A pesquisa voltada à pedagogia da floresta, de Maria Betânia B. Albuquerque, mostra que ensinamentos do tipo continuam muito vivos em tradições ayahuasqueiras, como o Santo Daime. “No meu doutoramento, procurei saber se o Daime é um professor, como dizem, e o que as pessoas aprendem com esse professor, que é um vegetal. Procurei traçar um mapa desses saberes da ayahuasca, tentando compreender qual é a episteme que fundamenta esses saberes”, afirmou a educadora, ressaltando o caráter transcendental em que os ensinamentos ocorrem. “A sociedade tem dificuldade de entender que é possível aprender a partir de uma planta, a partir de um outro estado de consciência, dos sonhos ou da intuição.”

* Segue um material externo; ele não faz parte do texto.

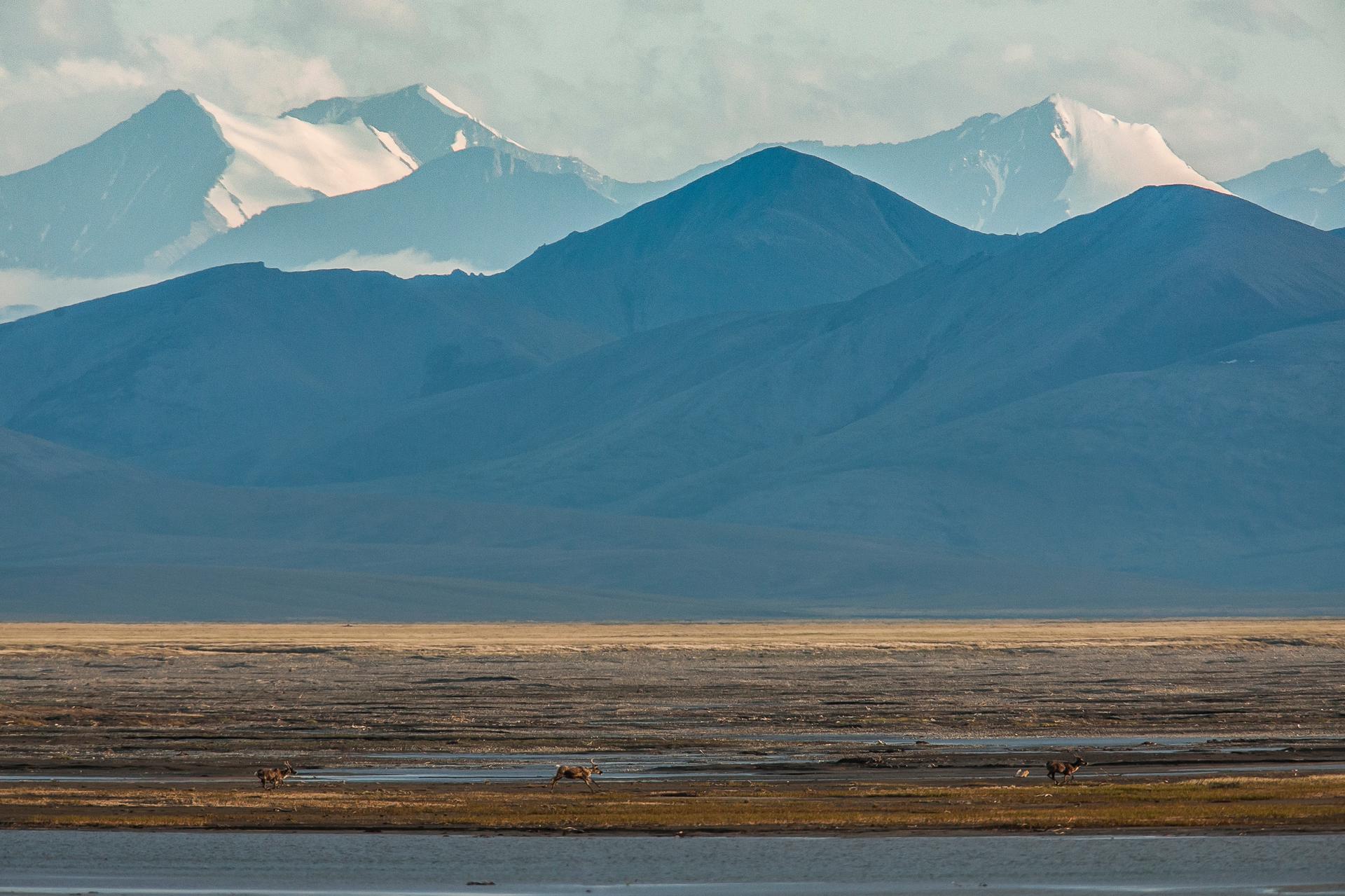 A sweeping landscape of mountains, tundra, and water cover the image. At front are three caribou running along a body of water, nearly blending into the brown and yellow dirt and grass. They look tiny in the frame as the mountains tower above.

O debate fez parte da série “Encontros Psicodélicos: conversas interdisciplinares sobre ayahuasca e outros psicoativos", uma cooperação mensal entre o portal Ciência Psicodélica (CP); o projeto Healing Encounters, do CNRS (Centro Nacional de Pesquisa Científica), em Paris; e o Grupo de Pesquisa ICARO (Cooperação Interdisciplinar para Pesquisa e Divulgação da Ayahuasca), da Unicamp; com apoio do Instituto Chacruna.
A edição “Diálogos de saberes: antropologia, educação, plantas e além” contou ainda com apresentação do biólogo Luis Felipe S. Valêncio, doutorando em Saúde Coletiva.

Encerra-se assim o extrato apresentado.